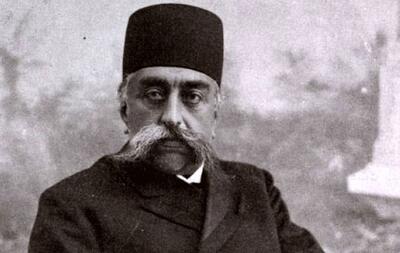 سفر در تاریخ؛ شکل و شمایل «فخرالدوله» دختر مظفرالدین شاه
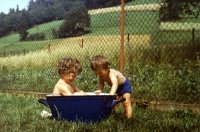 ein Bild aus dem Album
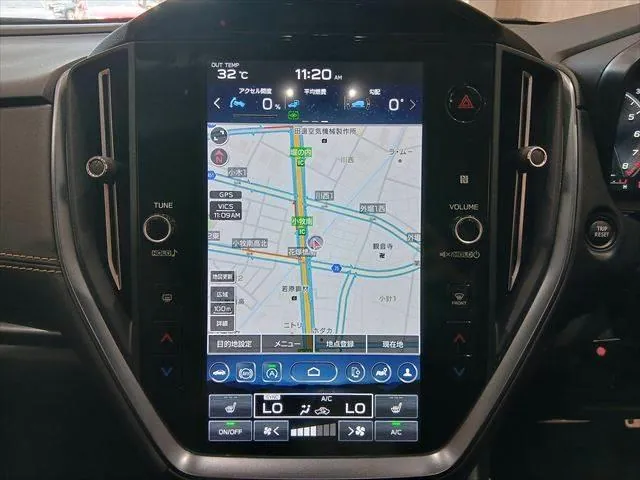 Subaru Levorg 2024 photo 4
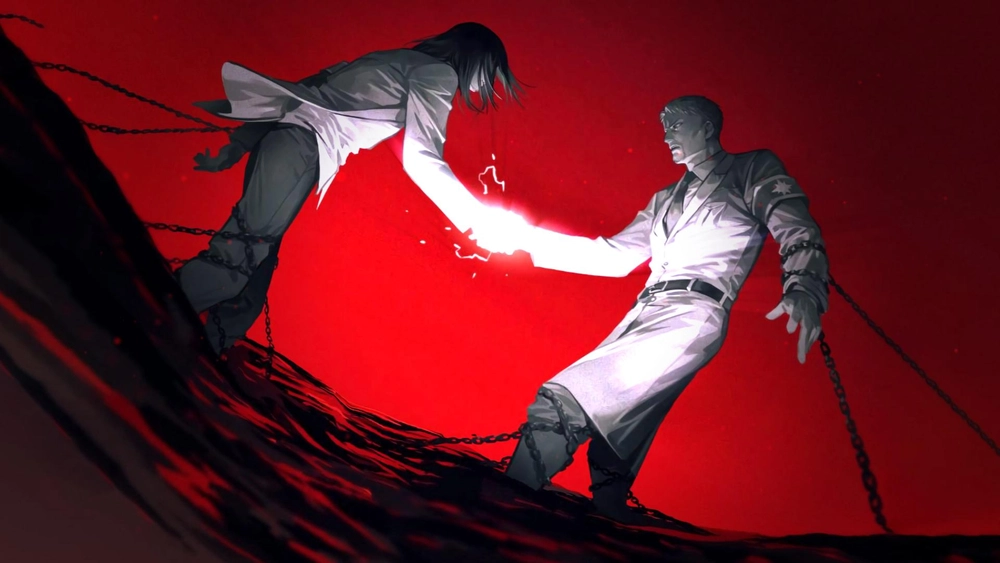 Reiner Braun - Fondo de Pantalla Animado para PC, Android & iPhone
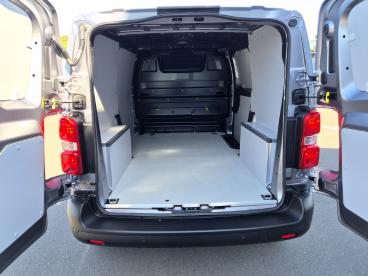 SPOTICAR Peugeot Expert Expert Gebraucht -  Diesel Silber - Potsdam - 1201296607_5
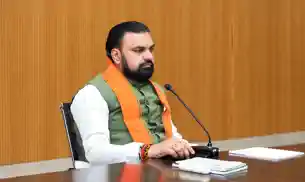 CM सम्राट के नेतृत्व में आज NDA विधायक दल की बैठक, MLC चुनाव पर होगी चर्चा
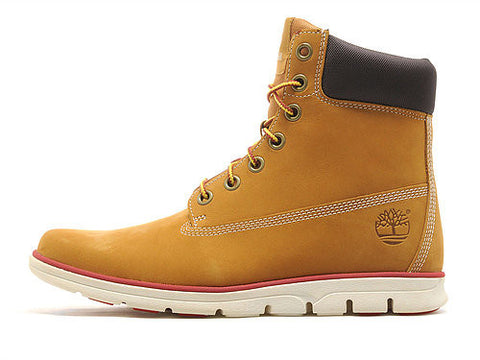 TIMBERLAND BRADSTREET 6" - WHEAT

→ What this task involves: Give again, word for word, the line that contains "ein Bild aus dem Album" and every line after it through the end of the entries; omit the pictures.

→ Answer to this problem:
 ein Bild aus dem Album
 Subaru Levorg 2024 photo 4
 Reiner Braun - Fondo de Pantalla Animado para PC, Android & iPhone
 SPOTICAR Peugeot Expert Expert Gebraucht -  Diesel Silber - Potsdam - 1201296607_5
 CM सम्राट के नेतृत्व में आज NDA विधायक दल की बैठक, MLC चुनाव पर होगी चर्चा
 TIMBERLAND BRADSTREET 6" - WHEAT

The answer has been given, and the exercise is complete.